が、問われた彼女は、なんでもないように人差し指を振る。
「そうですよ? 私はスーパーデキるメイド。ただのメイドではございません」
「それにしてはできすぎる」
しかし、食い気味のレスポンスでその指も止まる。
「いえ、むしろメイドができてはおかしいことばかりできる」
「主人のあらゆるオーダーに応えるのが職務でしょう?」
火花が散る、とまでは言わないが。
両者のあいだにある空気は、少しの緊張を孕んでいる。
さっきまでは仲よく食事をしていたのだ。その温度差に、そこを漂う微生物たちは逃げ出したことだろう。

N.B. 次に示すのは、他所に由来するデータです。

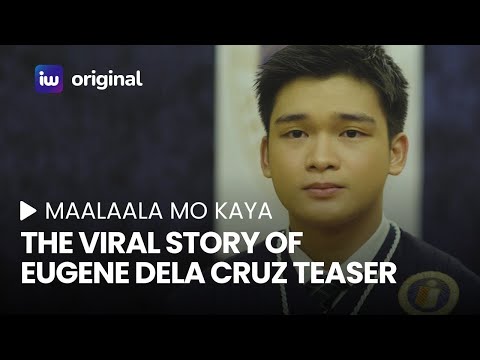 Maalaala Mo Kaya: The Viral Story of Eugene Dela Cruz Teaser | Watch it on iWant!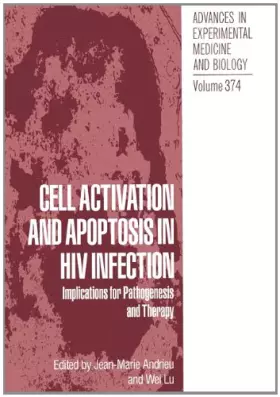 Couverture du produit · Cell Activation And Apoptosis in HIV Infection: Implications for Pathogenesis and Therapy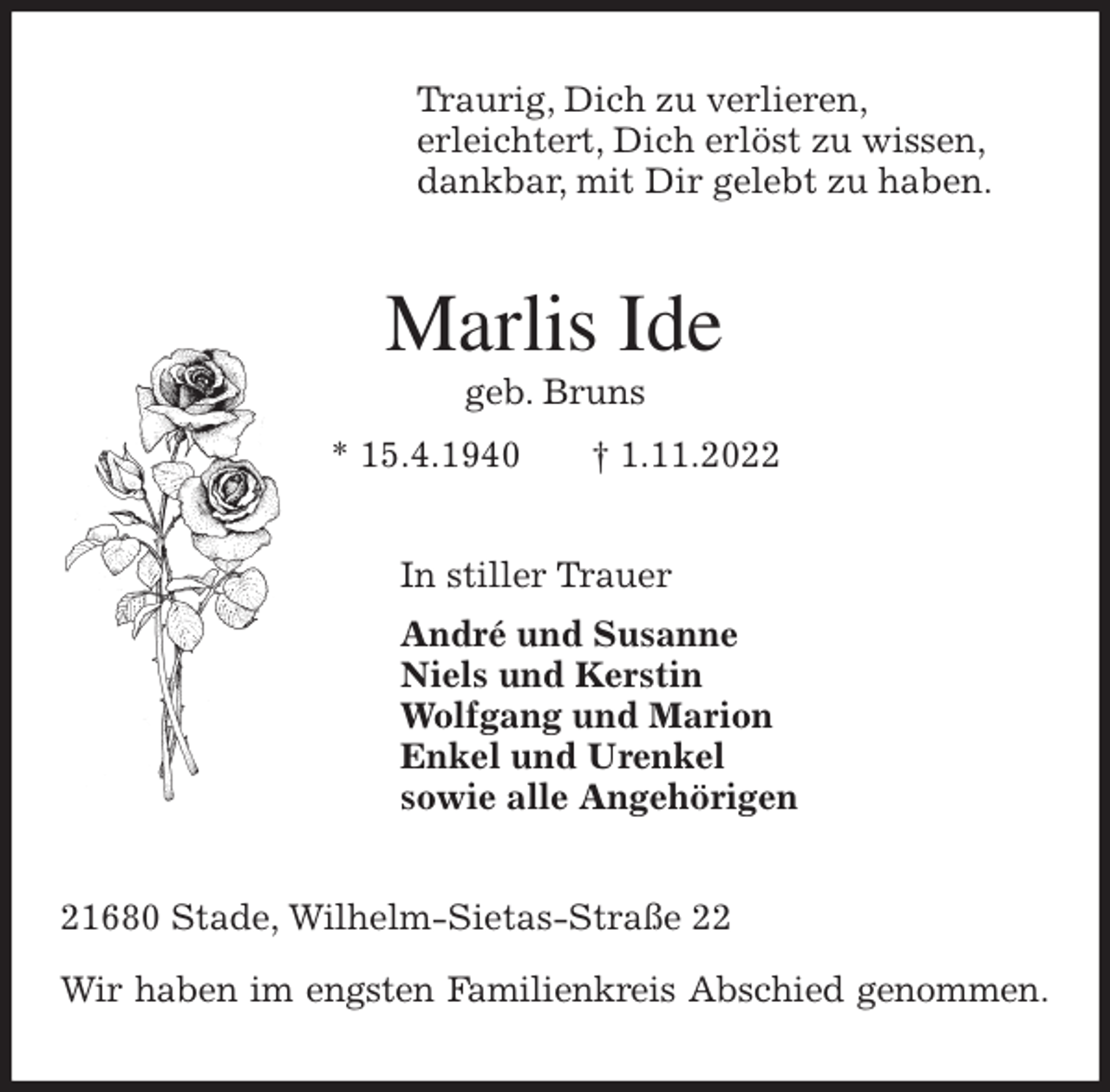 <p>Traurig, Dich zu verlieren,<br />erleichtert, Dich erlöst zu wissen,<br />dankbar, mit Dir gelebt zu haben.<br />Marlis Ide<br />geb. Bruns<br />* 15.4.1940 † 1.11.2022<br />In stiller Trauer<br />André und Susanne<br />Niels und Kerstin<br />Wolfgang und Marion<br />Enkel und Urenkel<br />sowie alle Angehörigen<br />21680 Stade, Wilhelm-Sietas-Straße 22</p><p>Wir haben im engsten Familienkreis Abschied genommen.</p>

「オーダーがなくとも、です。クロエさまが取り乱された時も、咄嗟に腕を噛ませたとか。妙に判断が早く、泥臭い」
「必死だっただけですよ」
「陛下が
「ことなきを得てよかったです」
「えぇ。唐突な出来事にも関わらず、ことなきを得られる早さでした」
シャオメイは両肘をテーブルにつき、両手の指を組み、その上にあごを乗せた。
おもしろい、もっと話してみろとでも言うように。
「あなた、最初から逐一、陛下の動向を張っていたのではありませんか?」
「まさか。朝の散歩で偶然お見かけしただけですよ」
「その後の対応も、明らかに『陛下が自裁なさる』と踏んだ判断でしたね。自身と同じように散歩している、ではなく」
「明らかに挙動不審でしたので」
彼女はにっこり笑う。
並のメイドがあの日のことを笑顔で振り返るものか、とカタリナは思うが。
あくまでそれは状況証拠にすぎない。
「問題はそれからの対応です。あなたはすぐに人を呼び、そのうえで相手を絞るよう指示した」
「ファインプレーでしょう?」
「いいえ。目を離しているあいだに何かあったら、どうするおつもりですか?」
「反省します」
「しかし、またある種、正解でもあった」
笑うシャオメイの目が、薄く開く。
正直彼女は恐怖を感じたが、ここで引くのはもう遅い。
「目的が『陛下をお止めする』ではなく。『陛下自裁という話が、迂闊に広がらないようにするため』なら。あなたの判断は、メイドにしては政治的すぎる」
言わない方がいいのでは。
心のどこかでそう思いつつ、カタリナは相手の黒々とした瞳孔を見据えた。